In his recorded interview with our Southeast Asia correspondent Amanda Hodge, Dr Mahathir argued “foreign interference” was needed to oust Mr Najib, saying: “Normally I don’t like foreign interference in Malaysia’s affairs but our avenues for redress have been closed completely. So now we have to allow interference in our domestic affairs.” Under pressure, Dr Mahathir has since sought to qualify those remarks, saying he did not ask for foreign governments to interfere. But that has not pacified Mr Najib.

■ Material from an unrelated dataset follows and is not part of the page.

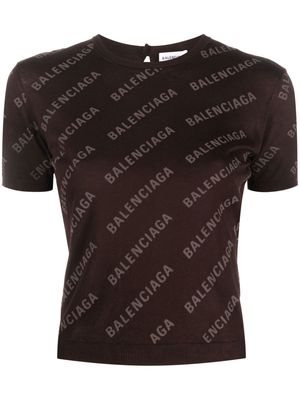 Balenciaga logo-print cropped knitted top - Brown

Malaysian police have confirmed they are investigating a range of charges against Dr Mahathir, including some under the Sedition Act, which Amnesty International says is being widely used to “silence, harass and lock up hundreds of (government) critics”. Last year in Malaysia — a country with which Australia has close economic as well as defence and security ties under the Five Powers Defence Arrangement — at least 91 individuals were arrested, charged or investigated under the Sedition Act. That is five times as many as during the law’s first 50 years from 1948. Journalists, lawyers and opposition politicians have been targeted. Amnesty has described it as “the authorities’ weapon of choice when lashing out at opponents”. Amnesty also has raised the alarm about “the rapidly shrinking space for freedom of expression”.
In office, Dr Mahathir was a rabid nationalist, invariably grumpy about the West and seldom warm towards Australia. But in the present crisis he laudably has committed himself to the honourable side. The fact he is being investigated for possible charges under the Sedition Act indicates how parlous the situation has become under Mr Najib’s autocratic attitudes.

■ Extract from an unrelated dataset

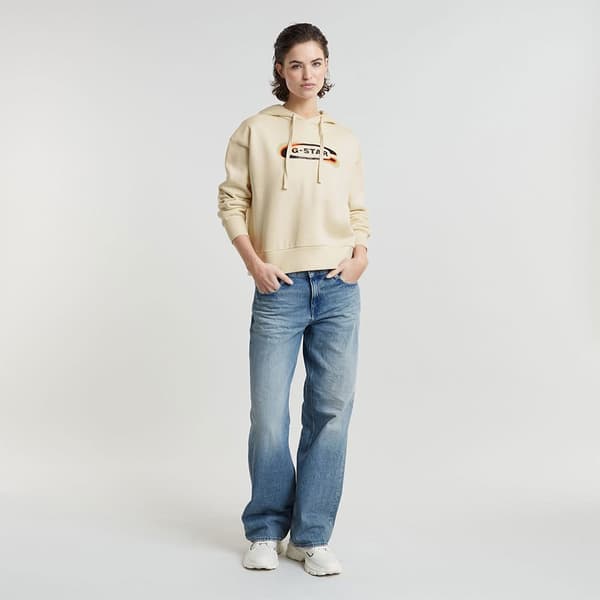 G-star Old Skool Logo Loose Huvtröja Beige M Kvinna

The British-educated Mr Najib is the son of Malaysia’s second prime minister, Abdul Razak Hussein, and nephew of its third, Hussein Onn. He is steeped in the country’s post-colonial democratic traditions. But he is showing scant regard for them by lashing out at critics concerned about hundreds of millions of dollars deposited in his bank accounts. He insists Malaysia’s name is being “unfairly dragged through the mud”. In January he claimed “the matter has been comprehensively put to rest”. In fact, the repression he has embarked on is making matters worse.
Malaysia’s reputation as a stable and economically successful bulwark against Islamic extremism in our region is being imperilled by Mr Najib’s high-handed, self-serving actions. He is going down the wrong path. Malaysians deserve better than a slide into oppression.